I first discovered Mind Mistress on a Winter's morning many years ago. Crossdressing aside, I had learned, quite by accident, that I was insanely aroused by watching women smoke.
A few quick searches on the web, and I was at the Mistress' site rapidly realizing that I was not alone in my fetish. I also found something very different, and very special.
I had experienced a few group trance sessions in the chat room, and although I felt something, I wasn't really sure exactly what I was feeling.
I know now that what I was feeling were triggers being planted as well as being given a subtle addiction to those trances through very positive reenforcement.
I was also told to start smoking again. Even though I had given up years before, the overwhelming urge was back, and I simply had to have a cigarette.
I immediately went out and bought a pack. The first drag was much like having a small orgasm. I'd forgotten just how wondeful it felt to have that creamy smoke flowing into my lungs.

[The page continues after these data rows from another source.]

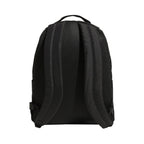 ADIDAS MUST HAVES BACKPACK - BLACK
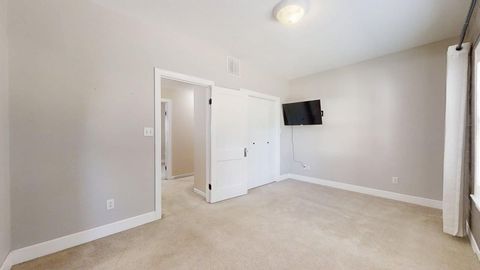 Tiny photo for 617 E Main Street, Arcola, IL 61910 (MLS # 12447588)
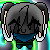 :iconsupernova-sketch:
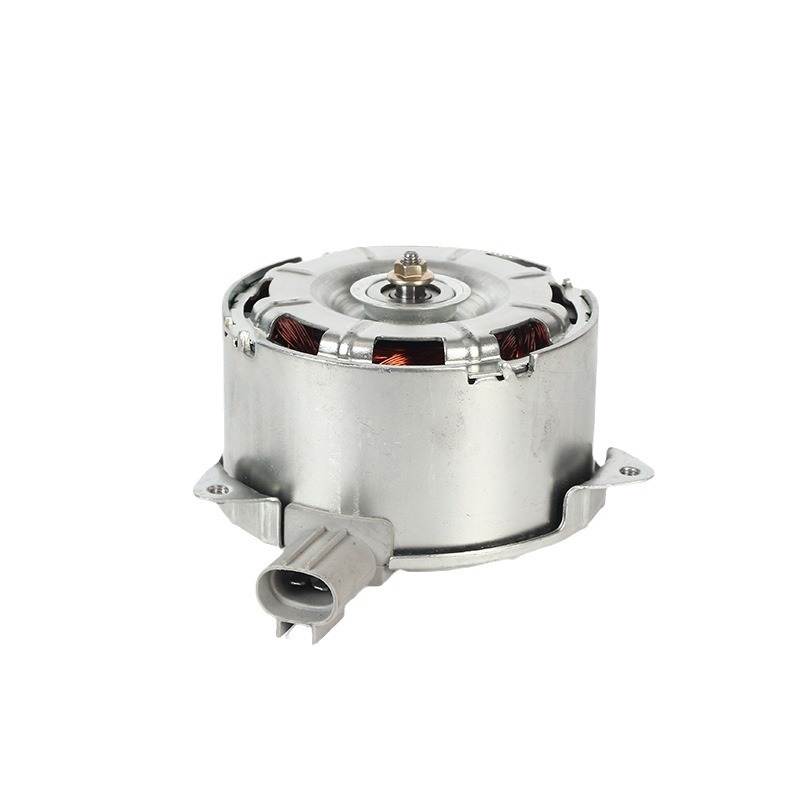 16363-0Y040/268000-8030/ 16363-0Y050/268000-8060 - 图1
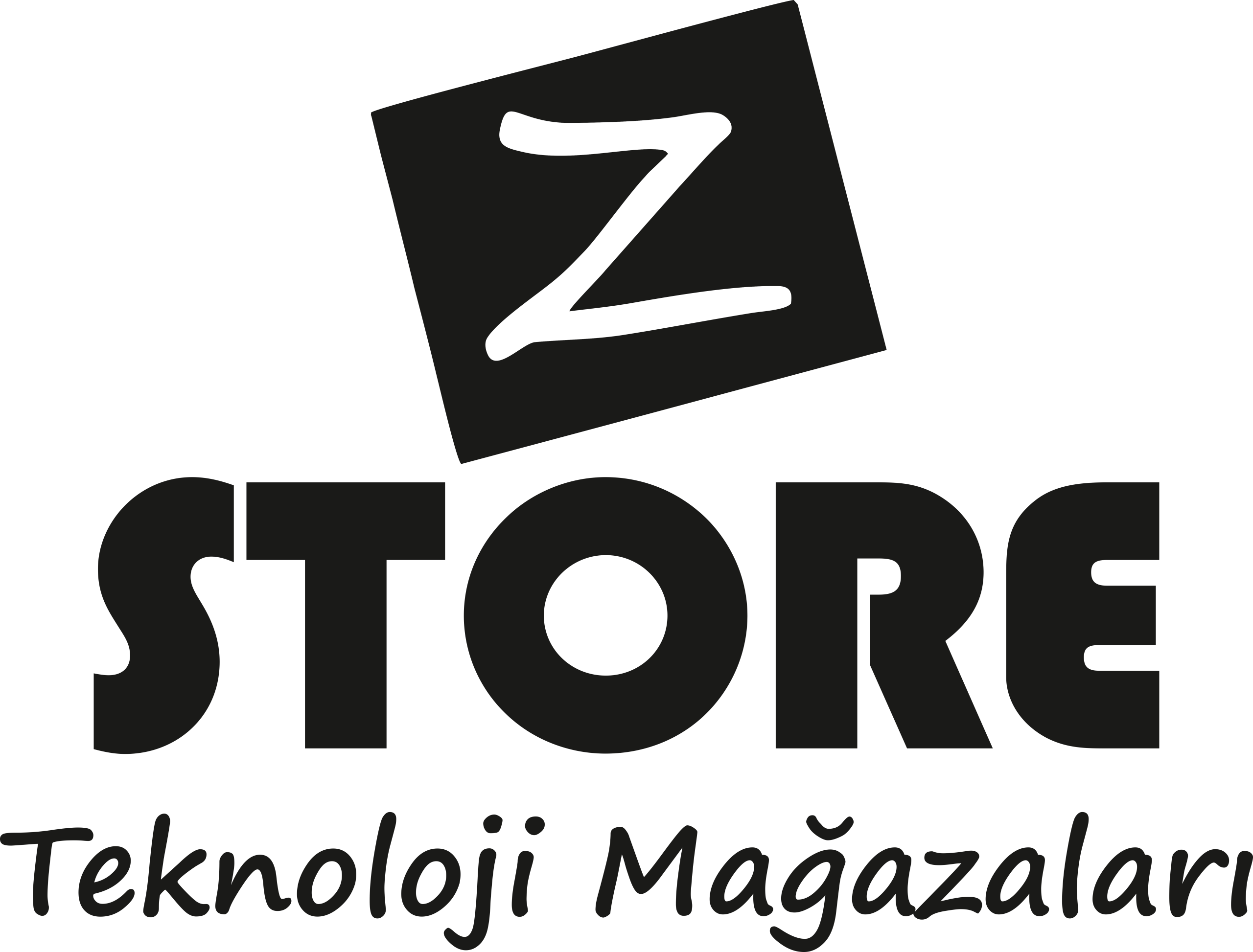 Z Store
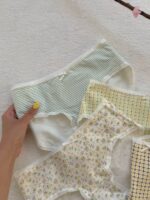 پک شورت پریما۸۰۵۷ - تصویر 4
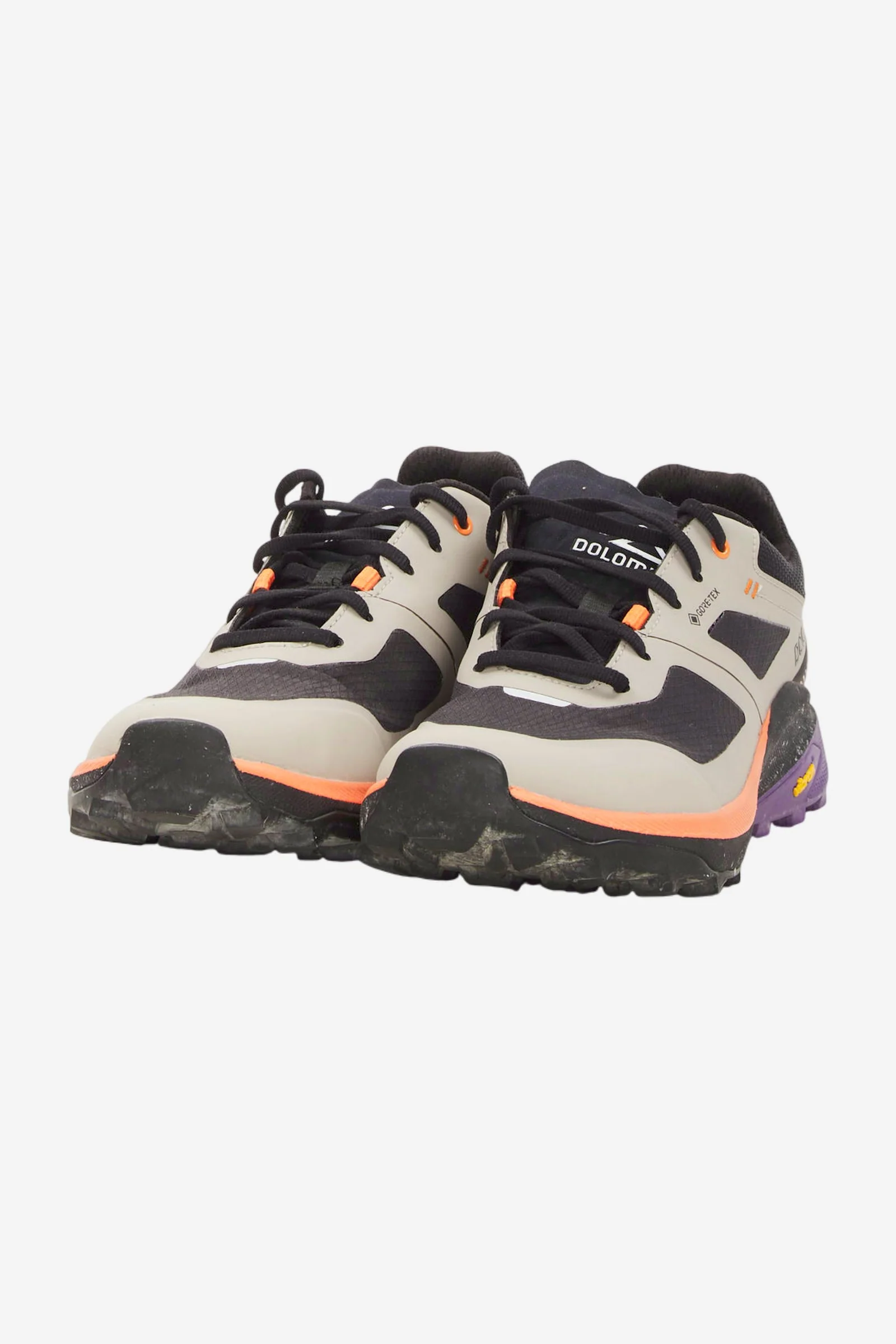 Wanderschuhe für Herren - Image 2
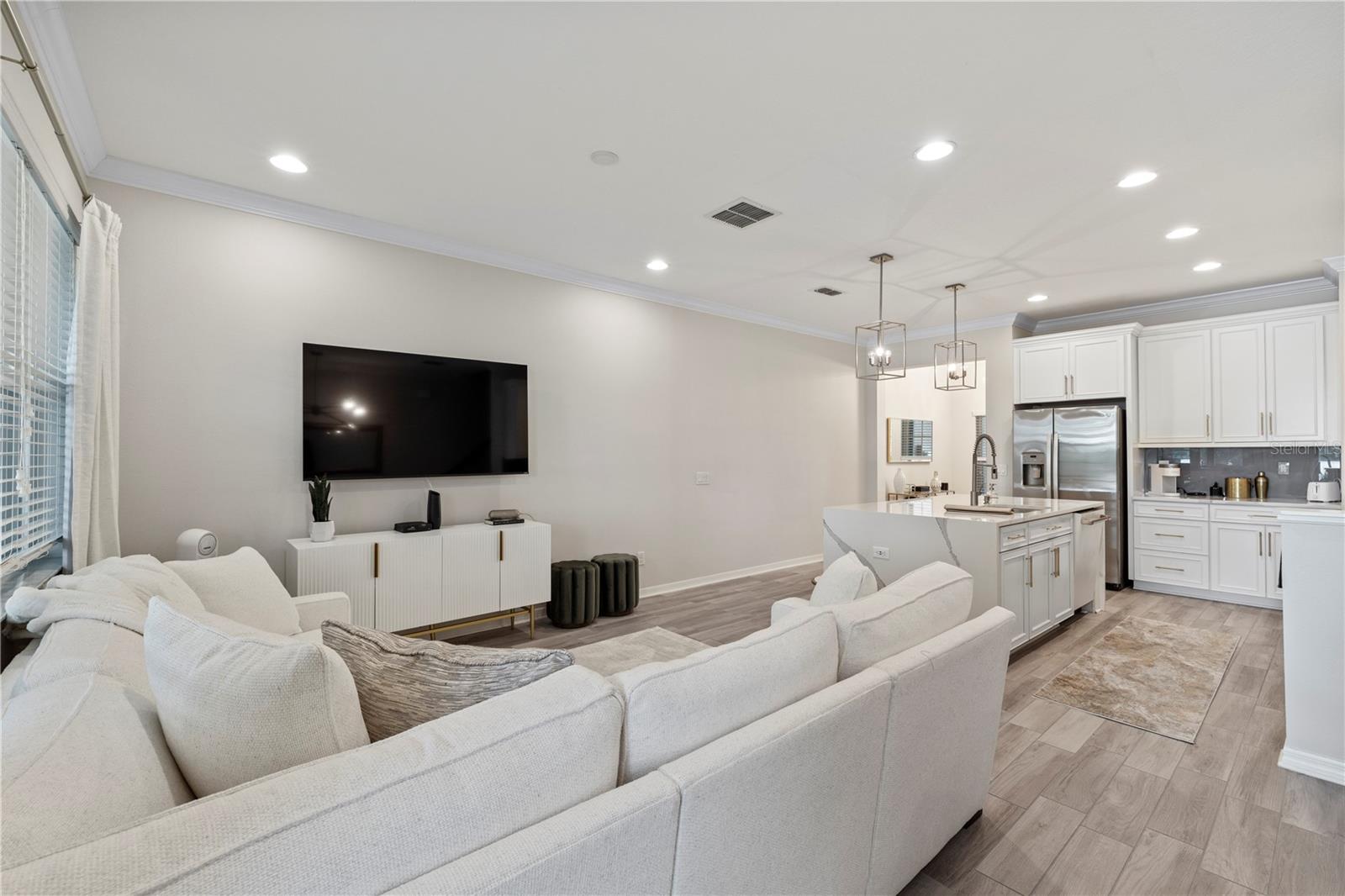 9208 FOX SPARROW RD — photo 9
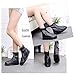 DiDaDi Shoe Covers Waterproof Reusable Rain Shoes Cover Cycling Non Slip Skid Washable Shoes Covers Boots Protector with Zipper Grip Rubber for Travel Running Walking XXL(Women: 9.5-11’’ Men: 8-9.5'')
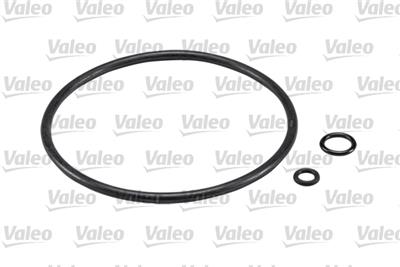 VALEO 586522 EAN: 3276425865228.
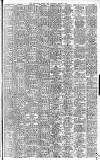 Nottingham Evening Post Wednesday 05 October 1949 Page 3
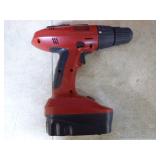 Power Tools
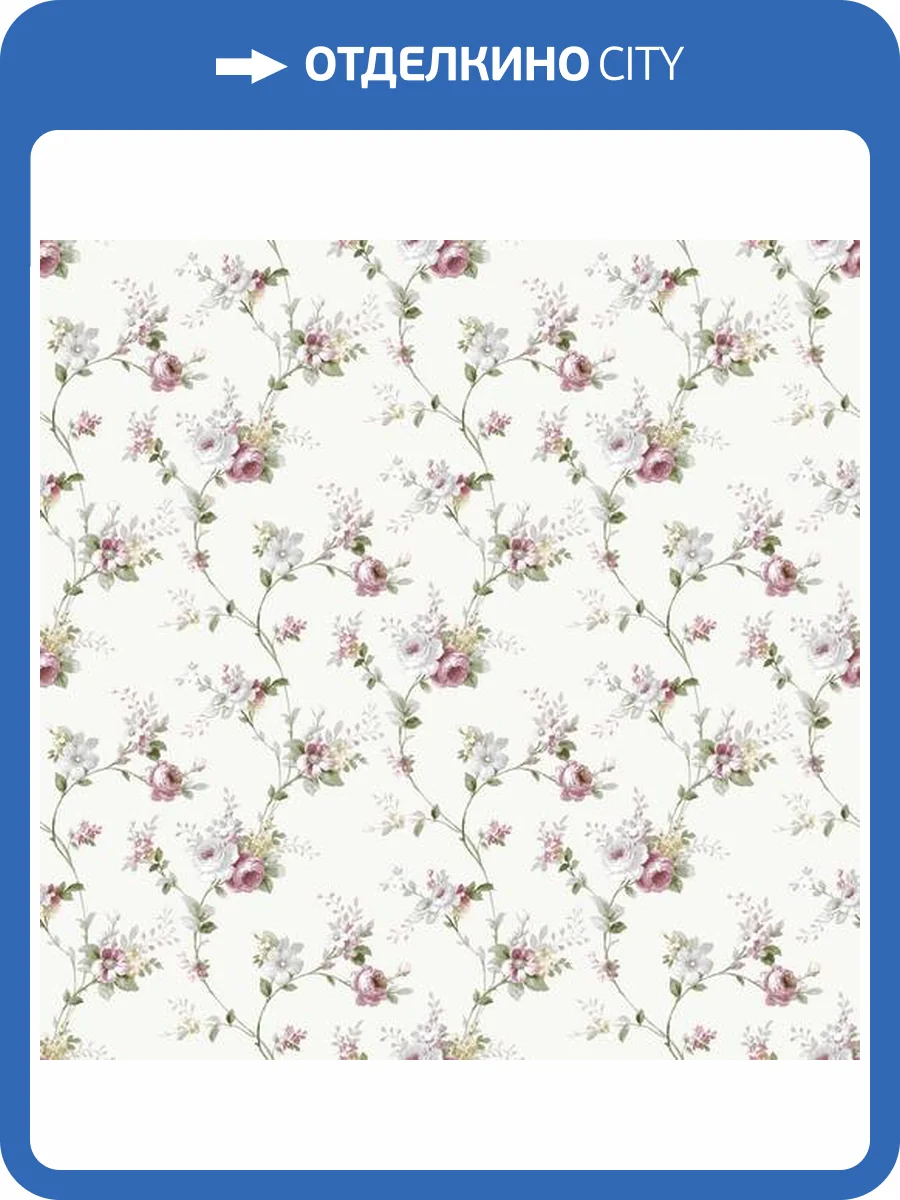 Обои Architector Chalet KT83316 фото 2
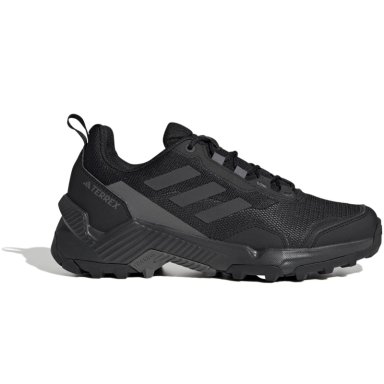 ADIDAS ZAPATILLAS HIKING TERREX EASTRAIL 2.0 PARA MUJER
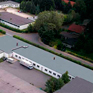 Technologieführer Verpackung als Zielvorgabe
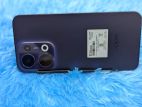 Oppo Reno 13 (Used)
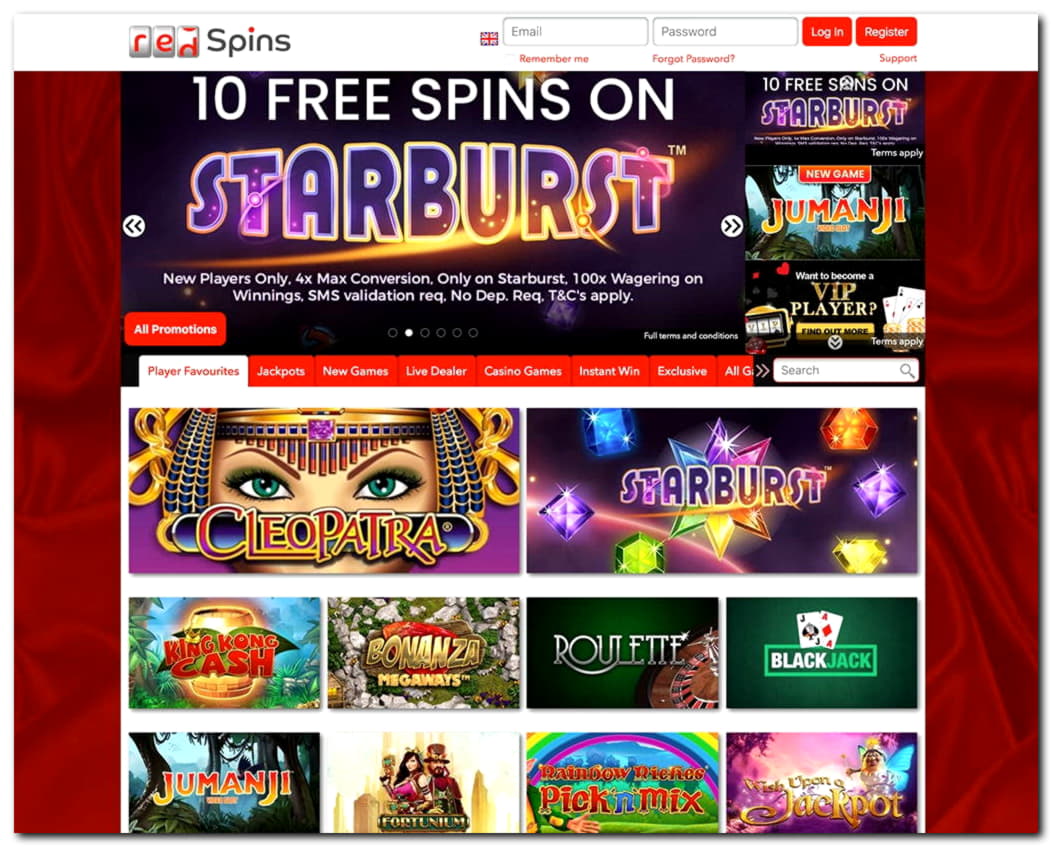﻿$1685 No Deposit Bonus at Spins Royale Casino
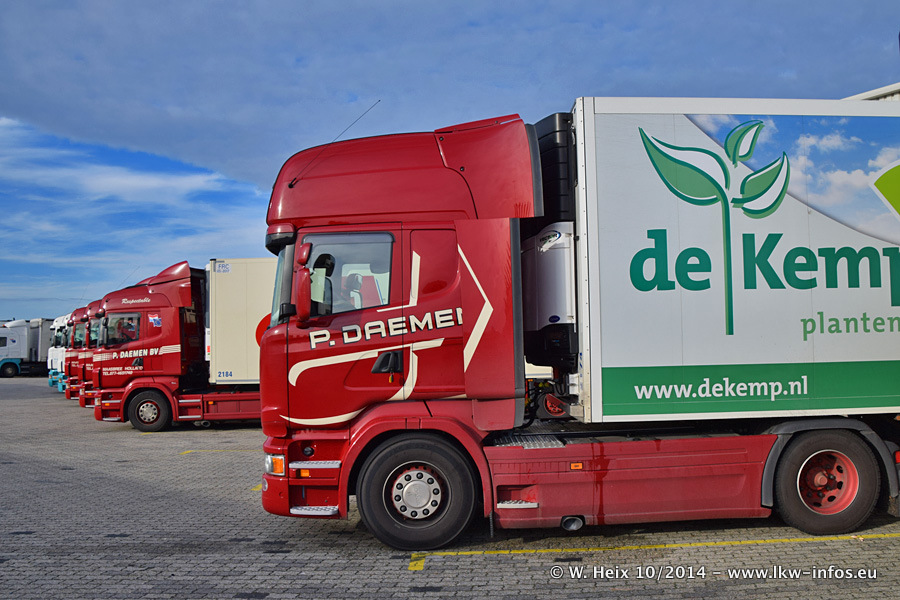 Daemen-Maasbree-20141018-128.jpg Daemen-Maasbree-20141018-128.jpg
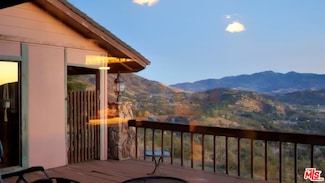 24409 San Juan Dr, Tehachapi, CA 93561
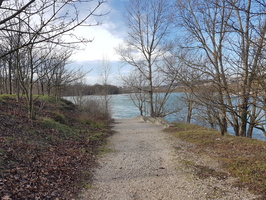 RIVERLY Lagouy Mickael 0081865
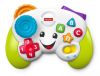 Fisher Price Game & learn controller original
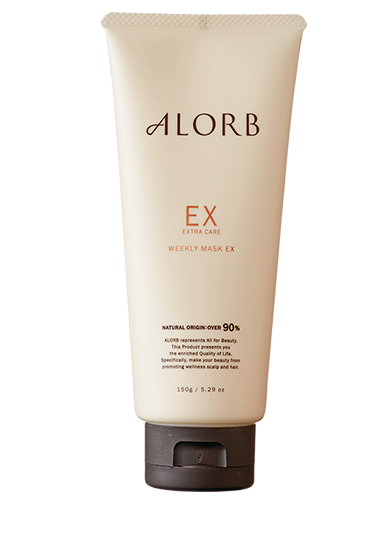 商品詳細｜ALORB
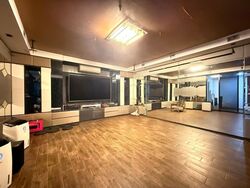 Serangoon Garden Estate (D19), Semi-Detached #627862051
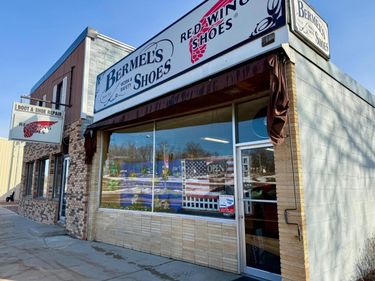 413 Pacific Avenue, Randall, MN 56475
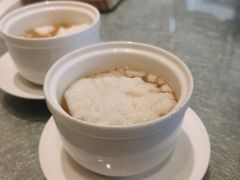 -南堂馆·新川菜(天府三街店)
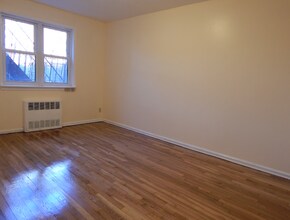 10217 Avenue K in Brooklyn, NY - Building Photo - Building Photo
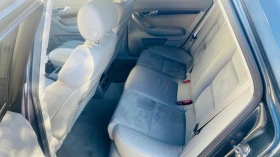 Audi A6 4.2 - 5500 € / 10757.07 лв. - 66319984 10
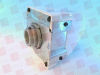 Plug/Receptacle - 141429397 - Radwell International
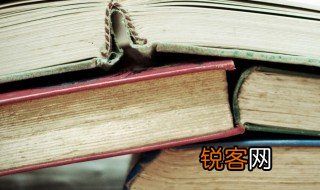 经风雨见世面的意思 经风雨见世面的解释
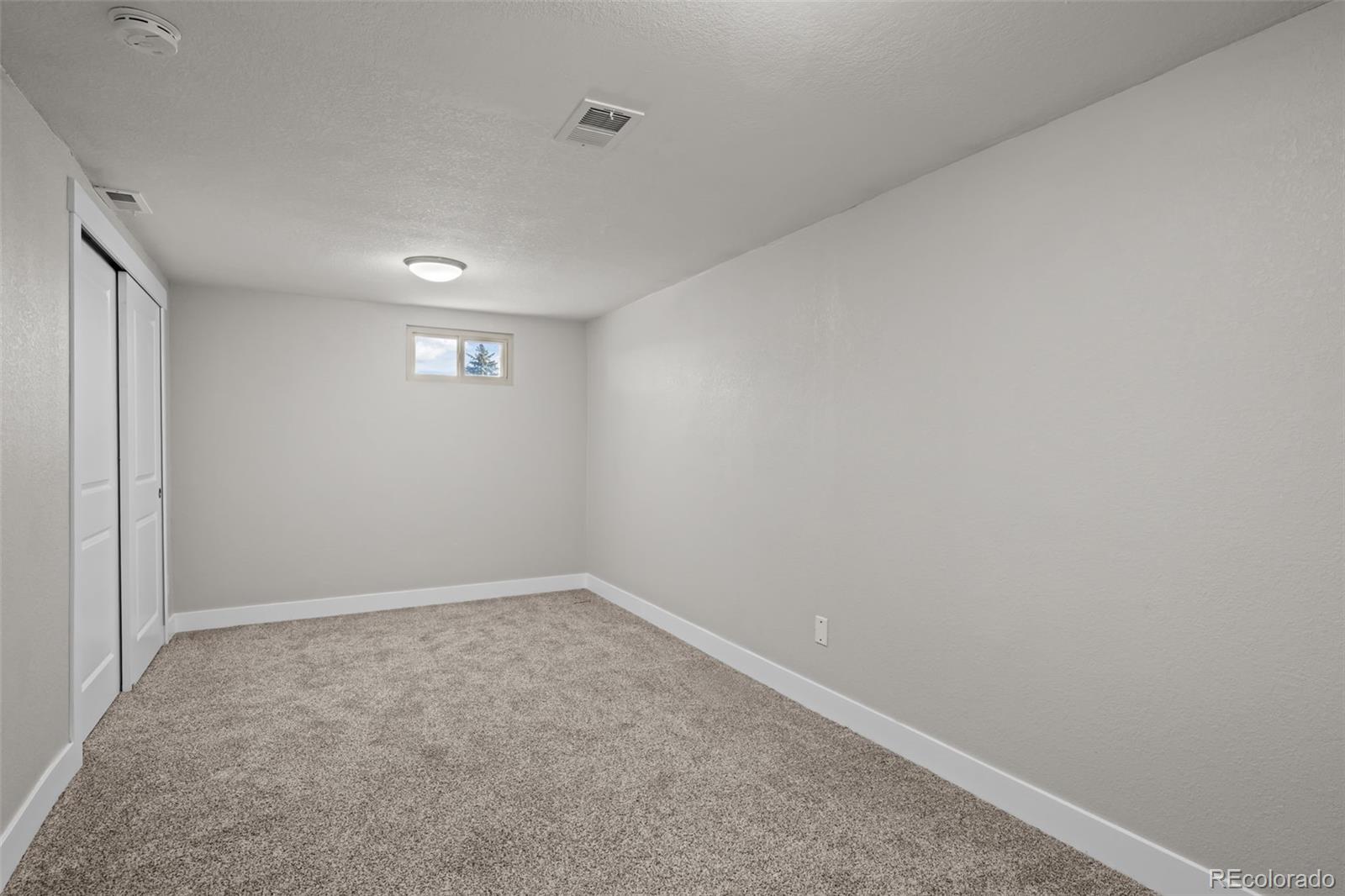 13537 W Alaska Drive Lakewood CO 80228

Inhale.. Exhale.. Relaxation and something else. Something... nice.
More chats, more smoking... I read all of the stories. I stared into the flash files for hours. Then I purchased a couple of CD sessions.
Without realizing the connection, my overall confidence began to rise. I was feeling extremely feminine and my dressing pleasure increased greatly. In fact, it got to the point that I had to tell my girlfriend that I was a crossdresser and needed to stay dressed as much as I could.
She informed me that she would leave me if I didn't give up all that nonsense. So I did.
I destroyed the CDs. I burned my clothes. I gave up smoking, again. I deleted every flash file, MP3, picture and story I had and decided to go on with my life without Mistress.
And that is when I learned just how deeply I had already submitted to Mistress. That is when she came to take me back.